« C’est terrible de se dire qu’il faut rappeler l’importance de la fermeté », regrette le grand rabbin, commentant le message de fermeté adressé par la ministre de la Justice aux procureurs.
Dans ce texte qu’elle signe aujourd’hui, la ministre de la Justice demande aux procureurs « de mettre en place dans chaque parquet des dispositifs pour mieux saisir les plaintes, d’avoir une attitude spécifique face à la force probante d’un certain nombre de faits, parce qu’on ne traite pas les plaintes antisémites de la même manière qu’une autre plainte ». La lutte contre le racisme et l’antisémitisme est une priorité gouvernementale », a poursuivi la ministre, précisant qu’il y aura aussi « un référent » sur ces sujets dans chaque parquet.

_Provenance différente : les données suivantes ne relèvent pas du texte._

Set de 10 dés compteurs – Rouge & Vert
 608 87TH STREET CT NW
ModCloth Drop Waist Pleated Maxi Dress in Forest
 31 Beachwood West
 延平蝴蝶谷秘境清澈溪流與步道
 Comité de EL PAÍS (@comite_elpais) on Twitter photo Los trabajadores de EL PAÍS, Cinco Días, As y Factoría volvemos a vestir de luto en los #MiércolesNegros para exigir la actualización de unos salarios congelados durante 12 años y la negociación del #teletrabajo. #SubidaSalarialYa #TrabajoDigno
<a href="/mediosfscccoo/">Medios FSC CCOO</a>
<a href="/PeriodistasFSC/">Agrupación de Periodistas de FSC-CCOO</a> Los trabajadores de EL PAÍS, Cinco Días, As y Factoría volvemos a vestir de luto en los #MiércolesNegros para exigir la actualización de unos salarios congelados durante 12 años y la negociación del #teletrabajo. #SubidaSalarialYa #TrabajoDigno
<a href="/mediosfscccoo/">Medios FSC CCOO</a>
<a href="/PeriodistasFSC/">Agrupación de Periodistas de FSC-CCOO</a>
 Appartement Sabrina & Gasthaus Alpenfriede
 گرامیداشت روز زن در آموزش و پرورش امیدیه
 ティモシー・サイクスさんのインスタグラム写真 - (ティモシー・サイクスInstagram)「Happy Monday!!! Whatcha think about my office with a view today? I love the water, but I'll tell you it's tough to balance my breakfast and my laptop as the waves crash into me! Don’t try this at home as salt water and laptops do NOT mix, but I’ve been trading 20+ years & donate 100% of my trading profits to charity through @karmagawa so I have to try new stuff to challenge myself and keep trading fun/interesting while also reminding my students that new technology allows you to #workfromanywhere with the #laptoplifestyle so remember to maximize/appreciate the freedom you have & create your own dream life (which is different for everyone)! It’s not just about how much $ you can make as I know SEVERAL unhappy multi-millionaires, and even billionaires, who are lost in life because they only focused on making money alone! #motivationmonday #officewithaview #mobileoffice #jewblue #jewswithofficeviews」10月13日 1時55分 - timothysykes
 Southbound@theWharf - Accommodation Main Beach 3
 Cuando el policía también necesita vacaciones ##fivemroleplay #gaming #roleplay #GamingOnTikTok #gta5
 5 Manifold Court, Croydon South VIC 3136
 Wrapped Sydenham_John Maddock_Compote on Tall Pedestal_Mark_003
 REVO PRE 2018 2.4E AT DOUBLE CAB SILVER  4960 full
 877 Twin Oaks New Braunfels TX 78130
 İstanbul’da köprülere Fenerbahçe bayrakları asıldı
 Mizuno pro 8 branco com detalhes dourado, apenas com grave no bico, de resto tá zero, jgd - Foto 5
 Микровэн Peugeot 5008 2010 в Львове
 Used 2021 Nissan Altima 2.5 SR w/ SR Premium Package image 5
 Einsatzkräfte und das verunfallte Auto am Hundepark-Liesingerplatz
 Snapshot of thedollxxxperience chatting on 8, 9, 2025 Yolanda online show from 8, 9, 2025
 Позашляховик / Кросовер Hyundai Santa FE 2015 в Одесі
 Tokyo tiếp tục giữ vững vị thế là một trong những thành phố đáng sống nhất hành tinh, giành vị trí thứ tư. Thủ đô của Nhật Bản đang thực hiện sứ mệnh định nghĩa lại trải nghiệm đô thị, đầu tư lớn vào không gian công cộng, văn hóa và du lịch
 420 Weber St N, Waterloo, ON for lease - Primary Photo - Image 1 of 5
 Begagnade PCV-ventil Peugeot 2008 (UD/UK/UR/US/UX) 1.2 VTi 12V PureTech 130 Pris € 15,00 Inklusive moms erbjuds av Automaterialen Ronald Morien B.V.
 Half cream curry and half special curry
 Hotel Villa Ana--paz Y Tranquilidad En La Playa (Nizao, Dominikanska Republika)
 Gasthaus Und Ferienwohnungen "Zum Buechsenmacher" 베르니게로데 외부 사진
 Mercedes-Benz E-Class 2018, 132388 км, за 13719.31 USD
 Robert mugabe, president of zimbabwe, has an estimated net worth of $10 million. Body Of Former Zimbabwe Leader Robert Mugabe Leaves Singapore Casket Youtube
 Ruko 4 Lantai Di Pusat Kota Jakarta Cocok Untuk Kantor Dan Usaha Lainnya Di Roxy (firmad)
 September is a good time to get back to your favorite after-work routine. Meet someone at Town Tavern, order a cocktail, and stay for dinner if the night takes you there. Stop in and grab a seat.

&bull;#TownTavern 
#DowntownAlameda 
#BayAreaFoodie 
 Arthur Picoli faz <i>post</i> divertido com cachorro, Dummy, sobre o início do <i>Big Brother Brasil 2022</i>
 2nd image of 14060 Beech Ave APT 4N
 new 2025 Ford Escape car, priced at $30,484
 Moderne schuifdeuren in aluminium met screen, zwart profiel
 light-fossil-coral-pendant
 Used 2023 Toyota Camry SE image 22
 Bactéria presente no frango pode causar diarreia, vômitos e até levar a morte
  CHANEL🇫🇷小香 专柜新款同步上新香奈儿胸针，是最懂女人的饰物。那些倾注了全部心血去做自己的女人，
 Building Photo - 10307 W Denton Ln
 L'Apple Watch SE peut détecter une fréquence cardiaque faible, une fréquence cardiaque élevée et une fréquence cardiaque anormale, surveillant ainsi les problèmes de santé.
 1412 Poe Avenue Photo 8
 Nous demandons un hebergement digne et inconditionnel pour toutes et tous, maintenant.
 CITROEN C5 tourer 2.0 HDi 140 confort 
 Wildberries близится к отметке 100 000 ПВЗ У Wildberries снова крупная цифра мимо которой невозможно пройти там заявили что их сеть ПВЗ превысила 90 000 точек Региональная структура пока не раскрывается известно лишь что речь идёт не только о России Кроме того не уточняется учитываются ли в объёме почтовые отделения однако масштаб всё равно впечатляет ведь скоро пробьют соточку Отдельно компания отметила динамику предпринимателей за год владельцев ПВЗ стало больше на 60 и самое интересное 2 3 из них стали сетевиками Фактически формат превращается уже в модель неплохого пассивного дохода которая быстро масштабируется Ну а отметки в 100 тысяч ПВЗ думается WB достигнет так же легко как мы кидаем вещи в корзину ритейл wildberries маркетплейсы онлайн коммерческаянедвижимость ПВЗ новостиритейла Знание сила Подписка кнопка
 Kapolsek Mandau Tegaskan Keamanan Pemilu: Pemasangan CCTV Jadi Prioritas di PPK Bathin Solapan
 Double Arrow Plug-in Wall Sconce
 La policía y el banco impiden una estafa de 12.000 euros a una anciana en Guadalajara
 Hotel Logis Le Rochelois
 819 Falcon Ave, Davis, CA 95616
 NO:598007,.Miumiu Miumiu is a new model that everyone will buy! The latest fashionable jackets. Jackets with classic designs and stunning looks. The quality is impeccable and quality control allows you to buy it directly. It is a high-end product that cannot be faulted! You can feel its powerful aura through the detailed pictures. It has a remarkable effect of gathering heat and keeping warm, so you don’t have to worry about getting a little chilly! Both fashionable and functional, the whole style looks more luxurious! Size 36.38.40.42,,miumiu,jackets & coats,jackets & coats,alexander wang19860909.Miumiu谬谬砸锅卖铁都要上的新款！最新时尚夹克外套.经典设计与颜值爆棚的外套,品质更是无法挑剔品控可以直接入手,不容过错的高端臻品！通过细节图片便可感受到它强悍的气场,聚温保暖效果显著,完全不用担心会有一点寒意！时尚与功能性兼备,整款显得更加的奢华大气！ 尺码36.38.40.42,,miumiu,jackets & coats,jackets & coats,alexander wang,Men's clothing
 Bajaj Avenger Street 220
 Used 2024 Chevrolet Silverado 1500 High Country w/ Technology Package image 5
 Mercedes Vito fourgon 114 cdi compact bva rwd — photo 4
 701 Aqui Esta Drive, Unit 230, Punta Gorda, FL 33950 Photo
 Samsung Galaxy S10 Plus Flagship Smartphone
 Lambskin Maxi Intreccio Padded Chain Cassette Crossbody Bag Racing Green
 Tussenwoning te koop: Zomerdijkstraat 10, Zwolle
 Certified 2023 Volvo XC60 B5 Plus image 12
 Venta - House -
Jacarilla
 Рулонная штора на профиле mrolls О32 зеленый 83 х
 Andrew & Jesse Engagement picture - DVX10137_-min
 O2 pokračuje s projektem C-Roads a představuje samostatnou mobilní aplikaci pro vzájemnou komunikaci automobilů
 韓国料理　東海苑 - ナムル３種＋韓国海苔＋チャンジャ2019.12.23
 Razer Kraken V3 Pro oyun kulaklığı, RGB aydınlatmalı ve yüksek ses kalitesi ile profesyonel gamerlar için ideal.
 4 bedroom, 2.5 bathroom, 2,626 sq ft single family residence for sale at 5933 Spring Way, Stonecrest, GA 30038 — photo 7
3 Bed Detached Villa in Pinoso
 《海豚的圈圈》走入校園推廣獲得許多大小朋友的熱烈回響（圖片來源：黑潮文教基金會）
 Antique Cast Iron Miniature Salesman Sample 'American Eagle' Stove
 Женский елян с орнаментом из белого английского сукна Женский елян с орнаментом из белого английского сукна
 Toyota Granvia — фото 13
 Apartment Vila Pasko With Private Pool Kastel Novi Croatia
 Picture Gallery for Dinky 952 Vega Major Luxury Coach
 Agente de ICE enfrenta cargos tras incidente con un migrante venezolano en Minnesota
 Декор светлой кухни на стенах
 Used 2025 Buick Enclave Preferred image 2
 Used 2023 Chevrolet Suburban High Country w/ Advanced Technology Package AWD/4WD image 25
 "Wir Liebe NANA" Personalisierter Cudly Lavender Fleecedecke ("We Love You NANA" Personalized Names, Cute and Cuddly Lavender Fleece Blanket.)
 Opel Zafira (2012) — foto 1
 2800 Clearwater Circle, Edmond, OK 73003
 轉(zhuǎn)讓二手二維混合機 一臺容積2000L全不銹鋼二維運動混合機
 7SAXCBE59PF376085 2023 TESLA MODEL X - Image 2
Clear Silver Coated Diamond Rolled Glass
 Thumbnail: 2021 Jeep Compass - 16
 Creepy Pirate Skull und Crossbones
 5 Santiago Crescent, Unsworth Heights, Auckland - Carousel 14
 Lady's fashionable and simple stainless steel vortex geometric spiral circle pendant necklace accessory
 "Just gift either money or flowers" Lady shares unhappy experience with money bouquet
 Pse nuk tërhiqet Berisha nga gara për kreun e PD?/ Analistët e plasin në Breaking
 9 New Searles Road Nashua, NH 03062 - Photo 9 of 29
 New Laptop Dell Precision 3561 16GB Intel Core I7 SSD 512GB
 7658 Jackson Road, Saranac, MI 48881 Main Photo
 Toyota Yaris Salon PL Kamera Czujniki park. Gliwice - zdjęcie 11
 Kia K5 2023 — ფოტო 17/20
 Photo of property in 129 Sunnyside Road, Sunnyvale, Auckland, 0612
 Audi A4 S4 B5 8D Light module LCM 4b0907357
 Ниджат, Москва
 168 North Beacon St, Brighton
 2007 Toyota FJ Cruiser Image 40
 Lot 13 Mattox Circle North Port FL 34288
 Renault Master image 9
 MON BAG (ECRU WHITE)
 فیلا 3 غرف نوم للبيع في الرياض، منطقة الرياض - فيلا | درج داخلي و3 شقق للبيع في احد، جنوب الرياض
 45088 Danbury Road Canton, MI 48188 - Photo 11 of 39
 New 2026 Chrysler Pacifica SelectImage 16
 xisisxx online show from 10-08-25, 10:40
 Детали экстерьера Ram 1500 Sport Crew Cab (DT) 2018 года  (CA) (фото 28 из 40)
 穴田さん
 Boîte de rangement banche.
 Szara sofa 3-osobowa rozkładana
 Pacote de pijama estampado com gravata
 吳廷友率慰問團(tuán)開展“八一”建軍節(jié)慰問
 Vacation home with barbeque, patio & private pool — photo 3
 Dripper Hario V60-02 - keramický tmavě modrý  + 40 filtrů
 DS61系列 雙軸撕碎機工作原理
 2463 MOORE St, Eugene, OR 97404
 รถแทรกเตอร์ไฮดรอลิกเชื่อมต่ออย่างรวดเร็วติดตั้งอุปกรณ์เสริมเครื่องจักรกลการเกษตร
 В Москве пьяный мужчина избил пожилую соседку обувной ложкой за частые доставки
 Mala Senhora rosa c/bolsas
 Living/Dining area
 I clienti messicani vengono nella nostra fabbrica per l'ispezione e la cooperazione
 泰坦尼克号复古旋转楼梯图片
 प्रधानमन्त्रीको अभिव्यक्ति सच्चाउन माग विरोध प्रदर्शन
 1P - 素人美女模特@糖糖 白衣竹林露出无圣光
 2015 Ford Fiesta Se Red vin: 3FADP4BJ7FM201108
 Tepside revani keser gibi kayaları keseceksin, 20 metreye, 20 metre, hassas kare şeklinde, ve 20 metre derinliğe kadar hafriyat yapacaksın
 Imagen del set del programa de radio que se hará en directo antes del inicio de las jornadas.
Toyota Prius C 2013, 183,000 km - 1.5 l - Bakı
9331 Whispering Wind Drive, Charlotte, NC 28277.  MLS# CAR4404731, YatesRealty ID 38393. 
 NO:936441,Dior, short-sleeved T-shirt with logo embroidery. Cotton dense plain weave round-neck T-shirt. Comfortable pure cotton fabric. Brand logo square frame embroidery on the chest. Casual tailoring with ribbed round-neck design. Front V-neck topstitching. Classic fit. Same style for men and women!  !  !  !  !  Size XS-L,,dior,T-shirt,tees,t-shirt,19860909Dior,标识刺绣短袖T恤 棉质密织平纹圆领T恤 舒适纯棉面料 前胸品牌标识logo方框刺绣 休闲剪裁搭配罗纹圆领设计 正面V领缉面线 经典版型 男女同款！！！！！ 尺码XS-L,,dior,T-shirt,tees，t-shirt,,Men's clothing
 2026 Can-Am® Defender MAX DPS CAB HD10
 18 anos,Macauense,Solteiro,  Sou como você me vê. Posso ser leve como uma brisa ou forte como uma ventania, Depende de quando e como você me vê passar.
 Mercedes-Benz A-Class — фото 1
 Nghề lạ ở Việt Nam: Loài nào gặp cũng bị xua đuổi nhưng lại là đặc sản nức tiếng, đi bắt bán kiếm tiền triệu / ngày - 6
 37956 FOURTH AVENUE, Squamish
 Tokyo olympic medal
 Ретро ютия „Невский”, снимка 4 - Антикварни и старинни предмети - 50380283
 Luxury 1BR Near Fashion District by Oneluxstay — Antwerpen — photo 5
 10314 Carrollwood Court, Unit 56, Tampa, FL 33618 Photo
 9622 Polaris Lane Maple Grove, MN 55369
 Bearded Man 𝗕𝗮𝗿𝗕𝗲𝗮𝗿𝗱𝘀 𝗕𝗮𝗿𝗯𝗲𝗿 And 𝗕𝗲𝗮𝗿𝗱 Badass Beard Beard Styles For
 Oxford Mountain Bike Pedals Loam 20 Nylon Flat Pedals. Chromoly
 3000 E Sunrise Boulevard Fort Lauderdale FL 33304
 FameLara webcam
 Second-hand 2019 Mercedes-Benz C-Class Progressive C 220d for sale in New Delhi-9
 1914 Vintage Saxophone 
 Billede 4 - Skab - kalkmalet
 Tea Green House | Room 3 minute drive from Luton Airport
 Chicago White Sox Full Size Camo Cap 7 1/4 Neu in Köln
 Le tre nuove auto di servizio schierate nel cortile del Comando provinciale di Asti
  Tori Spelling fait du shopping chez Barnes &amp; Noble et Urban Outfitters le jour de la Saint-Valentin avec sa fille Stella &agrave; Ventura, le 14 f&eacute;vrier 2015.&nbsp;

Alors que la ministre de la Justice Nicole Belloubet va envoyer une circulaire à tous les procureurs pour les appeler à la fermeté dans les dossiers qui concernent le racisme et l’antisémitisme, le grand rabbin de France estime que « si on doit rappeler régulièrement la fermeté, c’est que l’on n’est pas convaincu de la chose ». Haïm Korsia a jugé sur franceinfo mardi 2 avril que « c’est terrible de se dire qu’il faut rappeler l’importance de la fermeté ».
franceinfo : Des croix gammées ont été retrouvées lundi 1er avril dans un cimetière du Morbihan. Quasiment pas une semaine ne passe sans un acte de ce genre : l’antisémitisme est-il aujourd’hui enraciné en France ?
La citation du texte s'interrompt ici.